Defendants cite authorities holding that an action for mandamus to compel a reassessment is barred if not commenced within the period during which the assessing body is authorized to reassess. See Frye v. Mt. Vernon, 42 Wash. 272, 84 Pac. 864; State ex rel. Seymour v. Slater, 53 Wash. 608, 102 Pac. 651. We assume that this is so, and inquire whether the present action was commenced within ten years after it was “finally held” or “finally determined” that the original assessment was insufficient. The facts material on the question were stipulated. The paving district included the right of way of a railway company. The company contested the assessment by proceedings in which an appeal was taken to the district court where a trial was had and, on May 17, 1927, a judgment entered in favor of the railway company, “annulling the assessment theretofore made against its right of way.” An appeal from the judgment was taken to the supreme court, and thereafter while the appeal was pending the parties agreed that it would be dismissed on consideration of payment of $20,000 by the railway company to the city on behalf of the paving district. The agreement was carried out. The appeal was dismissed on April 18, 1928, and on the next day the assessment against the railway company’s right of way was credited with $20,000. The stipulation of facts recites: “That by said settlement and dismissal of said action between the railway company and said city, the judg *433 ment of the District Court became binding and final, and it was no longer possible for the city or these rela-tors to enforce the payment of the original lien on behalf of Paving District No. 14 against the right of way of the railway company; that in consequence, the assessment liens in Paving District No. 14 were and are insufficient * * * to pay the bonded indebtedness existing against the properties in said improvement district, and deficiency exists accordingly.”
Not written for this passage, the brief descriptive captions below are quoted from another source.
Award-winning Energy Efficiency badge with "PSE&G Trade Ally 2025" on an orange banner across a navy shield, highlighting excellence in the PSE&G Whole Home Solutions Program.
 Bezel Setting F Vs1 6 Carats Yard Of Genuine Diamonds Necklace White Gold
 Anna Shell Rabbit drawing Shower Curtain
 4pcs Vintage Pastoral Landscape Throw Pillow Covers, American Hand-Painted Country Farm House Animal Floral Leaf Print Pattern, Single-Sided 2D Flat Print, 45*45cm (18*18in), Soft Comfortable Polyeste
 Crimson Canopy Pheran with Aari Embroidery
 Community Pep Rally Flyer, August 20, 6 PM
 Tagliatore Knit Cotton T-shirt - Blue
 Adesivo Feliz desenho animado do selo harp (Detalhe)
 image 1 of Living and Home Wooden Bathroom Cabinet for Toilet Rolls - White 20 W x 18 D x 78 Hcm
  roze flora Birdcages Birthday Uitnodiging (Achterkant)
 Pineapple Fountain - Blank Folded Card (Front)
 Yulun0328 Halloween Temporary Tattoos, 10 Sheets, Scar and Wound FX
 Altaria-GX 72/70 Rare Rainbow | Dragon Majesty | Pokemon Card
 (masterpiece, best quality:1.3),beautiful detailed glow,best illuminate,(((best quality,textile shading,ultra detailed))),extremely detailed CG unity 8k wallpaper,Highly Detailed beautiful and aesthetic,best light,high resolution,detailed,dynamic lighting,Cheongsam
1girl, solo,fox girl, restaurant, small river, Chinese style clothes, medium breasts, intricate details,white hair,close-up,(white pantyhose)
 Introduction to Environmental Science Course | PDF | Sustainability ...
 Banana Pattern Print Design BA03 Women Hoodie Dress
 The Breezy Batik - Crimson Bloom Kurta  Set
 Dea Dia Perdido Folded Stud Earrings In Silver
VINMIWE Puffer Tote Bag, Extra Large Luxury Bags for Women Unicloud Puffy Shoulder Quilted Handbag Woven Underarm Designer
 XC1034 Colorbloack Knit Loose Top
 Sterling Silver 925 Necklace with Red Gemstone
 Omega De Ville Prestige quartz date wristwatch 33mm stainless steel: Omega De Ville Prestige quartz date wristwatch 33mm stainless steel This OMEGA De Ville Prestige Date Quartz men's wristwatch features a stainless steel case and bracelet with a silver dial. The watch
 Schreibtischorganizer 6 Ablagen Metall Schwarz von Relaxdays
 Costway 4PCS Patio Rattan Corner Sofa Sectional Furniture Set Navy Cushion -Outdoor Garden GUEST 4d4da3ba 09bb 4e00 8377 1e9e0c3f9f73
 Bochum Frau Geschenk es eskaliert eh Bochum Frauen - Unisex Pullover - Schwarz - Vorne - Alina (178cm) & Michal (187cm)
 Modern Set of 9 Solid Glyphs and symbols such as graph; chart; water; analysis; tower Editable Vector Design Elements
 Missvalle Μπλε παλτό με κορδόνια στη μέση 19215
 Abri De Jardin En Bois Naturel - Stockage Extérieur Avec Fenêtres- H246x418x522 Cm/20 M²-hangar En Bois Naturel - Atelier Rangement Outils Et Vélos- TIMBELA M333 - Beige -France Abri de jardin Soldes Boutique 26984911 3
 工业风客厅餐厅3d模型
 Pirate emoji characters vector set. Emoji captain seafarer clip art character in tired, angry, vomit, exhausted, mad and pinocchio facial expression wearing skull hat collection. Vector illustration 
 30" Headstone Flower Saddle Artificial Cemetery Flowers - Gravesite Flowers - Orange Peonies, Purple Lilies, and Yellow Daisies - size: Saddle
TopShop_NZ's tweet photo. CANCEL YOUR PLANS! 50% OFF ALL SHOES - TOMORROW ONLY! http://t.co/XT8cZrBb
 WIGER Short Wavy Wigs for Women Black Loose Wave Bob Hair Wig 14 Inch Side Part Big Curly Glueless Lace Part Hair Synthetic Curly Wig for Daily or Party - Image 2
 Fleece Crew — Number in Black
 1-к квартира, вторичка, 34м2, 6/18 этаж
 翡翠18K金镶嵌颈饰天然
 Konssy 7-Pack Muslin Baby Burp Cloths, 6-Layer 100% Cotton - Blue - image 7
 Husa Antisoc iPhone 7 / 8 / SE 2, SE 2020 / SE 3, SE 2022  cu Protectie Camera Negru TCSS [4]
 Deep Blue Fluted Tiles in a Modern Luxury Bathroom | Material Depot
There is here an apparent mistake in the reference to “dismissal of said action.” The word “action” should read “appeal.” The action was not dismissed but, on the other hand, the judgment therein “became binding and final” by the settlement that included a dismissal of the appeal. As the parties have stipulated that the judgment of May 17, 1927, became final on April 18, 1928, it is perhaps unnecessary for us to say that we agree that the stated conclusion follows from the stipulated facts theretofore recited. The controversy between the railway company and the city was not terminated until the settlement was perfected, and it was not until then that it was determined what the deficiency was. The petition in the mandamus action was filed February 9, 1937, and the alternative writ issued May 28, 1937, and it is not necessary to decide on which of these dates the action was commenced as the later is well within the ten years after April 18, 1928.

At some time not definitely shown by the record, relators commenced an action in the United States district court, seeking to obtain a general judgment against the city for the amount of the deficiency in the assessment. Their right to that relief was denied on the ground that their remedy was mandamus to compel reassessment. Blanchar v. City of Casper, 81 F. (2d) 452, decided January 14, 1936. On November 10, 1936, they made demand for reassessment, but no action was *434 taken by the city officers. Afterwards, as shown above, this action for mandamus was commenced almost a year before the expiration of the statutory period for reassessing.

Defendants contend that, because ten years have now elapsed, the city has lost jurisdiction to make a reassessment in spite of the written demand and the suit for mandamus within the time. This would be contrary to the general rule that a pending action in mandamus preserves the right until final judgment. People ex rel. Walter v. Kaplan, 117 Misc. Rep. 257, 192 N. Y. Supp. 105, 107; State ex rel. Foote v. Bartholomew, 103 Conn. 607, 622, 132 Atl. 36; Shaw & Hodgins v. Waldron, 55 Wash. 271, 274, 104 Pac. 272; 18 R. C. L. 118, note 16. There is no good reason for making an exception of the present case. Section 22-1545, supra, must be considered in the light of other provisions of the act showing the legislative intention that the bonds shall be payable only from the assessment against the improved property, and making it the duty of the city to make reassessment when necessary to carry out that intention. See Henning v. City of Casper, 50 Wyo. 1, 57 P. (2d) 1264, and Blanchar v. City of Casper, 81 F. (2d) 452, for citation and discussion of the statutes. If the power to reassess should be lost by. lapse of time while the city officers are contesting an action for mandamus, the city, under Henning v. City of Casper, supra, might become liable to a general judgment for the deficiency.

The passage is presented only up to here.